### What is needed
All the lines below should be set down exactly, with no picture carried into the copy.

### The data
★ ★ ★

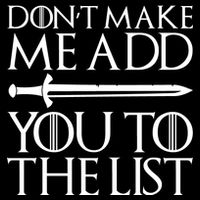 Don't Make Me Add  You To The List Hoodie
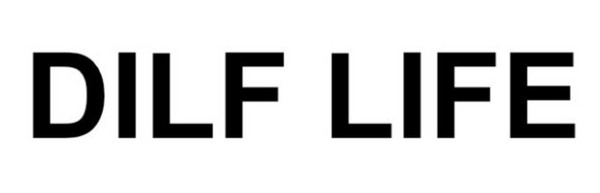 DILF LIFE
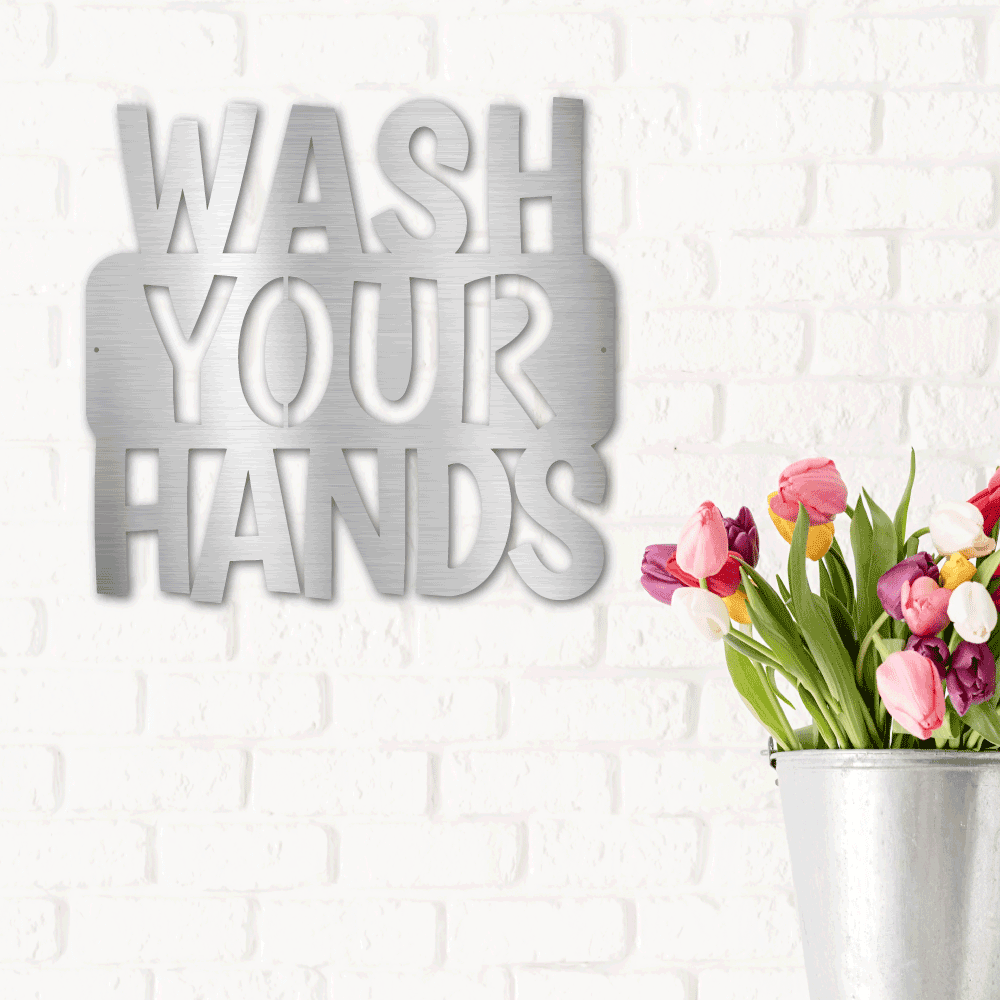 Wash Your Hands Quote Indoor Outdoor Steel Wall Sign - Mallard Moon Gift Shop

★ ★ ★

### Your response
 Don't Make Me Add  You To The List Hoodie
 DILF LIFE
 Wash Your Hands Quote Indoor Outdoor Steel Wall Sign - Mallard Moon Gift Shop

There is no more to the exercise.